The example evaluates the splits based on the error rate. Notice that the CART algorithm implemented in scikit learn does not use the error rate to make splits. It uses either the Gini index or Entropy (whichever the user chooses).

__Creating the toy dataset__

There are three predictors. The outcome variable is Credit_Risk.

In [None]:
toy_df_classif = pd.DataFrame({'Savings':['Med','Low','High','Med','Low','High','Low','Med'], 'Assets':['High','Low','Med','Med','Med','High','Low','Med'], 'Income':[75,50,25,50,100,25,25,75], 'Credit_Risk':['Good','Bad','Bad','Good','Good','Good','Bad','Good']})

In [None]:
toy_df_classif

#### Exploring how splits are made when constructing a CT
#### Exploring splits on Income

The first thing to do before creating __the possible splits__ on a quantitative predictor is to __obtain the cutoff points__.

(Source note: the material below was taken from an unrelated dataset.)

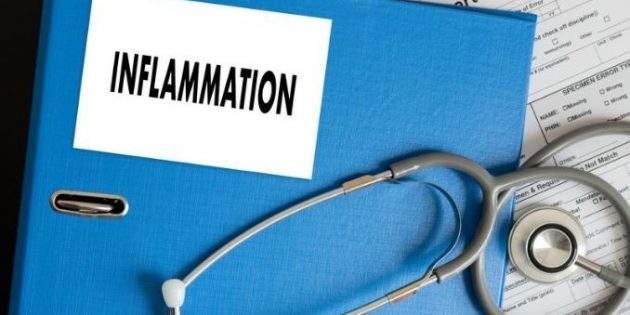 Inflammation Joint inflammation concept Medical Report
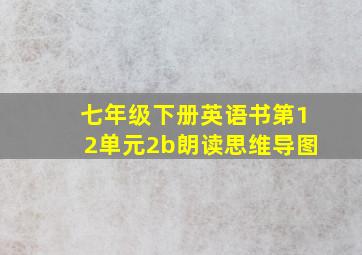 七年级下册英语书第12单元2b朗读思维导图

To obtain the possible cutoff points, I will first store all Income values (excluding duplicates) in an array called __Income_unique__.

In [None]:
Income_unique= np.sort(toy_df_classif['Income'].unique())
Income_unique

In [None]:
cutpoints=[]
for i in np.arange(len(Income_unique)-1):  # I need i to reach only the second to last index (not  last one). np.arange(len(x)-1) generates the numbers 0,1,2
    cutpoints.append((Income_unique[i]+ Income_unique[i+1])/2)

In [None]:
cutpoints

The algorithm will find an split using Income based on these three cutpoints and would decide the best split (i.e., the split
leading to the purest child nodes).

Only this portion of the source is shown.